Socialinio liaudies šokio tradicija: muzikantų ir šokėjų tarpusavio ryšio kaita



This article investigates the relationship between musicians and dancers in the mid-20th century village social dance tradition and the 21st century traditional dance club movement. The two dance trends are named the “first” and the “second” dance traditions in accordance with social folk dance classification used in Lithuania and internationally. The two traditions existed in different socio-cultural contexts, which had significantly determined their respective differences. Semi-structured interviews with 36 individuals and answers to an online survey from 45 respondents were used for comparative analysis, which explored the general attributes of the two dance traditions, as well as the differences in musician-dancer relationship and their causal relations. The analysis revealed several similarities between the traditions, yet most aspects are only partially similar or wholly different: the features of a good dancer and good musician are rather similar, but privileges attached to those positions are different; meanwhile, dance order and giving comments to the musicians are similar in both traditions.

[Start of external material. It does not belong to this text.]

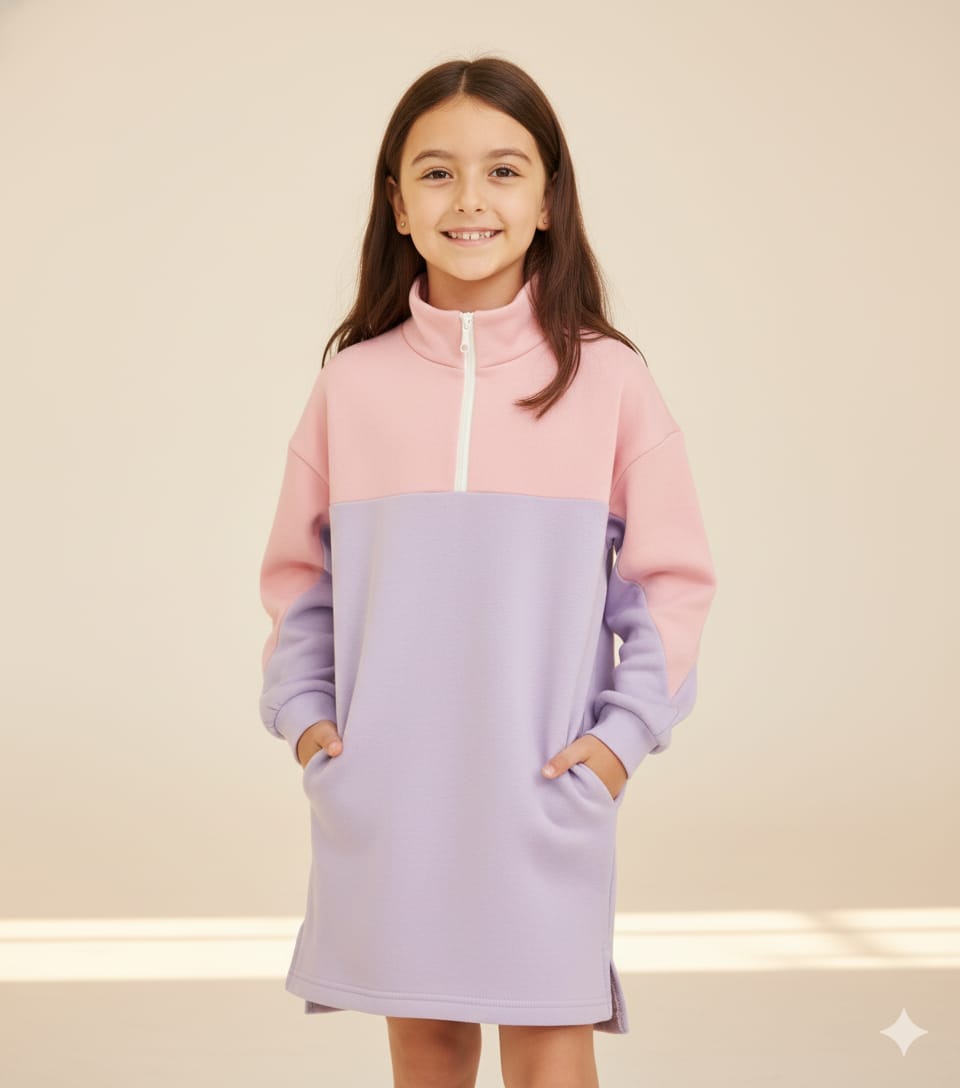 Pink & Purple Fun: The Perfect Playtime Sweater Dress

It was also exposed that the musician-dance relationship differences between the two traditions are most affected by the dance repertoire, remuneration for performances, professionalization of musicians, fulfilment of dancer’s wishes, and the group responsible for organizing dance events.

Key words: ethnochoreology, dance anthropology, social dance, social folk dance, „first“ and „second“ dance traditions, traditional dance club movement, mid-20th century village dance tradition, dance repertoire, remuneration for performance, good dancer and good musician.